Given records >>
■ ■ ■ ■

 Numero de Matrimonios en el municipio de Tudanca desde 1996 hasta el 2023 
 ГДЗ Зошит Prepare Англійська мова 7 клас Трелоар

■ ■ ■ ■

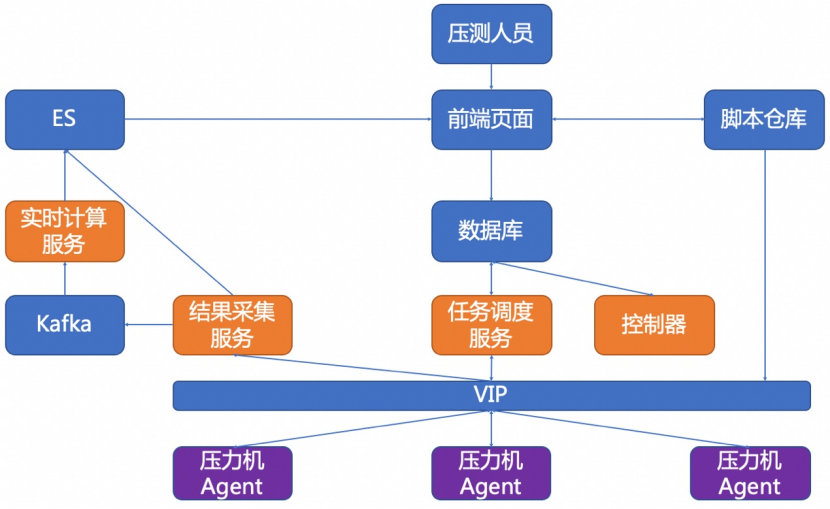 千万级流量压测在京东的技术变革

■ ■ ■ ■

What needs to be done >> Please give an exact copy of the entries above, from the line with "Numero de Matrimonios" down to the line with "ГДЗ Зошит Prepare", inclusive, and nothing else.

Exercise result >>
 Numero de Matrimonios en el municipio de Tudanca desde 1996 hasta el 2023 
 ГДЗ Зошит Prepare Англійська мова 7 клас Трелоар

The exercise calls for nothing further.